Vieles von dem, was der Verband zum Wohle des Fallschirmsports auf den Weg bringt, kommt unterm Strich allen Springern zugute, Mitgliedern wie Nichtmitgliedern. Dabei könnte ein zahlenmäßig noch stärkerer Interessenverband an mancher Stelle durchaus noch schlagkräftiger in Erscheinung treten und wirken. In seiner Abschiedsrede auf der Informations- und Sicherheitstagung (INSITA) Ende vergangenen Jahres hat Verleger Peter Schäfer, der langjährige Produzent unseres Verbandsmagazins, mit der Stiftung der Blue-Sky-Trophäe seinen Herzenswunsch geäußert, dass aus den jetzt etwas über 6000 Mitgliedern in naher Zukunft 7000 werden mögen. Allein schon die Zugehörigkeit zu einer Gruppe Gleichgesinnter, die einem faszinierenden, ja zuweilen abenteuerlichen Hobby nachgehen, sollte Motivation für die Mitgliedschaft in einem gemeinsamen Dachverband sein.
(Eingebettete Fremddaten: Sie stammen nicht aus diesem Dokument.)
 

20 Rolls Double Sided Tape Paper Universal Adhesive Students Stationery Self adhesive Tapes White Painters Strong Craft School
Mit der Blue-Sky-Trophäe als Zugpferd und einigen vielversprechenden Ideen aus den Workshops des jüngsten Delegiertentages hat sich das DFV-Präsidium entschieden, die Mitgliedersteigerung zum Top-Thema 2018 zu erklären. Eine Gruppe von Delegierten mit Benjamin Ring vom Sprungplatz Merseburg (Sachsen-Anhalt) als Koordinator erarbeitet derzeit Details, zum Beispiel zum Vergabemodus der Blue-Sky-Tro­phäe. Sie soll ein Ansporn für Ausbildungseinrichtungen sein, möglichst viele Sprungschüler für eine Mitgliedschaft im DFV zu gewinnen. Zugleich soll aber auch eine separate Wertung, ebenfalls verbunden mit Preisgeldern, ins Leben gerufen werden, welche die Bemühungen kleinerer Vereine würdigt.
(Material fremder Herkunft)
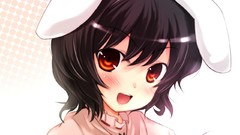 Anime girls touhou animal ears inaba tewi bunny ears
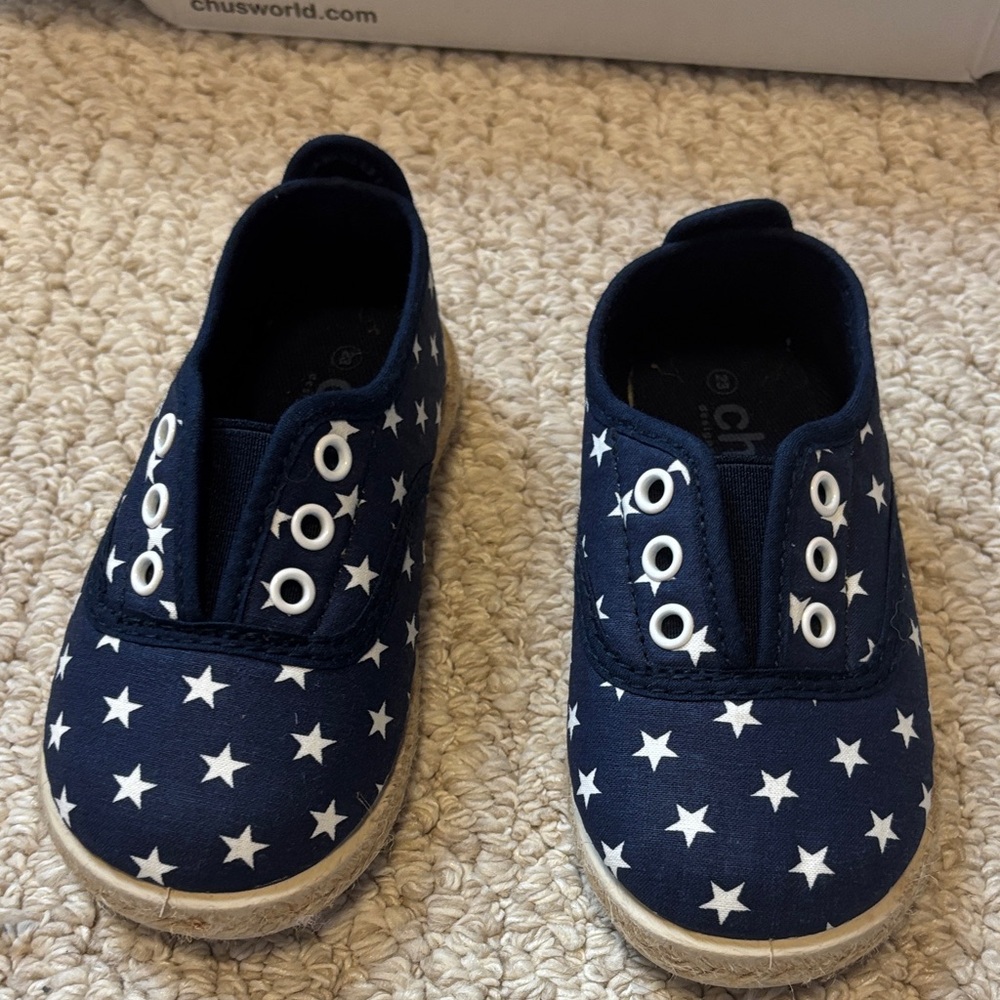 Brand New-Kids' Navy Star Slip-On Shoes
Um den DFV grundsätzlich noch intensiver und auch optisch präsenter in das Alltagsgeschehen auf den Plätzen zu bringen, will die AG ein Paket an Maßnahmen auf die Beine stellen: Angedacht sind zum Beispiel Plakate für die Sprungplätze, um die Bedeutung des Verbandes für unseren Sport noch sichtbarer zu vermitteln, DFV-Sprungbücher und Infomaterial für Lizenzersterwerber oder Shirts mit Branding für den DFV. Parallel soll Ursachenforschung betrieben werden, warum an manchen Plätzen nahezu kein Schüler nach dem Lizenzerwerb dem DFV beitritt. Im direkten Kontakt mit den Sprungschulen wollen wir herausfinden, wo es Gesprächspotenzial gibt, wo Probleme liegen und Reserven schlummern. Delegierte möglichst aus dem jeweiligen Bundesland sollen dabei als Multiplikator wirken und das Gespräch auf den Plätzen suchen.

Die AG Mitgliedersteigerung hat sich zwar aus dem Kreis der Delegierten gebildet, ist aber keine geschlossene Gesellschaft. Jeder Skydiver, der sich einbringen möchte, kann und sollte das. Wer also einen Vorschlag hat, wie wir unseren Verband stärken und viele weitere Springer von einer Verbandszugehörigkeit überzeugen können, ist jederzeit willkommen. Die Kontaktaufnahme ist per E-Mail an Benjamin.Ring@gmx.de möglich. Das Präsidium wird sich noch vor Saisonbeginn mit den von der AG erarbeiteten Vorschlägen befassen.

Das Ziel heißt also 7000 DFV-Mitglieder. Genug Lizenzinhaber gibt es dafür eigentlich schon heute. Wir müssen aber die „Einzelkämpfer“ für unsere gemeinsame Sache gewinnen und dafür an möglichst allen Sprungschulen wirken, dass der Nachwuchs nicht zu Einzelkämpfern wird.